Through the Eyes of ZAKA

by Jana Daniels

Yehuda Meshi-Zahav, the founder of ZAKA, speaks with a soft voice, a wizened face and eyes that have seen far too much. He explains to the audience of a small gathering the evening before the official launch of ZAKA Hong Kong, Macao & China that in Israel there are no exports of any real value: there is no oil, no diamonds, no coal, only the basic tenets of the sacredness of life, the essential duty to be humanitarian and the core value of respect for others. Though no value listed on the world’s commodities markets, these exports carry a great weight and responsibility, he explains.

Meshi-Zahav is no stranger to the limelight in Israel, often featured in headlines on the unpopular side of heated controversies. But his visionary leadership of ZAKA has seemingly erased the boundaries between right and left, the ultra-orthodox and the secular, Jew and non-Jew, Israeli and non-Israeli.

The following evening at the official launch, keynote speaker Yaacov Peri, a legendary figure in Israel and former Director of the Israel Security Agency, jokes that ZAKA is about the only thing there is a clear consensus about in Israel. Sometimes this is seemingly not far from the truth and, truth be told, in the court of popular world opinion ZAKA is one of the few things that virtually everyone will accept about Israel at face value.

To my American friends, ZAKA are the guys in Israel in the yellow vests on CNN that make sure religious Jews have a proper burial. It is arguably only as of recent years that ZAKA has begun to internationally market its primary export, the values of the Jewish people.

Most recently, ZAKA captured the world’s attention with their humanitarian aid to disaster-ravaged Haiti. World media finally bought their export and showed the extraordinary efforts of these Israelis determined to save as many lives as possible irrespective of nationality, race or religion. This is a core Jewish value and one that Israel was founded on, but somehow one that is too often passed over by international media.

Yehuda Meshi-Zahav’s speech at the official launch described the efforts and recovery work the ZAKA teams committed in Haiti to locate the body of a sole missing Canadian Jewish businessman, Alexander Bitton.

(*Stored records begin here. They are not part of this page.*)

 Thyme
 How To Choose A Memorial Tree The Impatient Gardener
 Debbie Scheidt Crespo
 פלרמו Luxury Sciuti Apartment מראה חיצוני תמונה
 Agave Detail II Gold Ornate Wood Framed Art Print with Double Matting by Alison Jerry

In rotating teams, ZAKA volunteers worked for over a month at the site of the Montana Hotel until  his body was ultimately recovered.

The understanding of the value of the importance of even a single life is what gave these rotating teams the strength to tirelessly work to find one man. It is  not about the numbers, though they saved many lives and recovered countless bodies. There is little mention of teams staving off the physical and emotional pain of the task. Despite the fact that ZAKA was among the first international aid organizations to arrive, they regret only not having arrived sooner.

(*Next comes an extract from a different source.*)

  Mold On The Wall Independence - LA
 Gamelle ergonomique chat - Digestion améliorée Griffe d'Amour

As ZAKA volunteer Arele Klein, blogged from the mission in Haiti, “We can’t count the number of bodies transferred for burial in a mass grave. The human brain cannot absorb the quantity of bodies that we have been exposed to in these first few days in Haiti. I discover a strange sight at one of the mass graves – families have a special tune that they sing at the graveside, a song that moves back and forth from song to tears, singing and crying. Who can understand it?” This is the world through the eyes of ZAKA.

In Asia, ZAKA was instrumental after the Tsunami in 2004 in the systematic identification of thousands of bodies, allowing countless family members a bit of comfort in the knowledge that their loved one would be buried with dignity and they would be given some sense of closure. ZAKA returned to Thailand  three years later immediately following the crash of One-Two-Go airlines in Phuket in 2007. The responders made that trip with images of the Tsunami still deeply  imprinted in their minds. Also in 2007, they again found themselves in route to Thailand to provide assistance following the Koh Phi Phi ferry accident that left one Israeli dead and another seriously injured.

Mumbai, Friday, 6.30 am.” In 2009, after the terror attack in Mumbai they again responded immediately to disaster in Asia. This time was different, as Shuki Brief, one of the six Israeli volunteers immediately deployed in response to Mumbai wrote in his blog, “At that very moment, evil murderers were killing their compatriots; our sole desire was to get there and help,” yet he continues, “We say Tehillim (Psalms) and speak words of faith and encouragement … blood, fire and pillars of smoke,

On Friday night, he continues, “The grim moment arrives. Two bodies are dragged out of the door and rapidly put inside a waiting vehicle … But there’s no time for mourning or sadness.”

The task is grim, the work tireless, the images haunting, but what prevails is the invaluable measure of the commodity of the profound respect for life.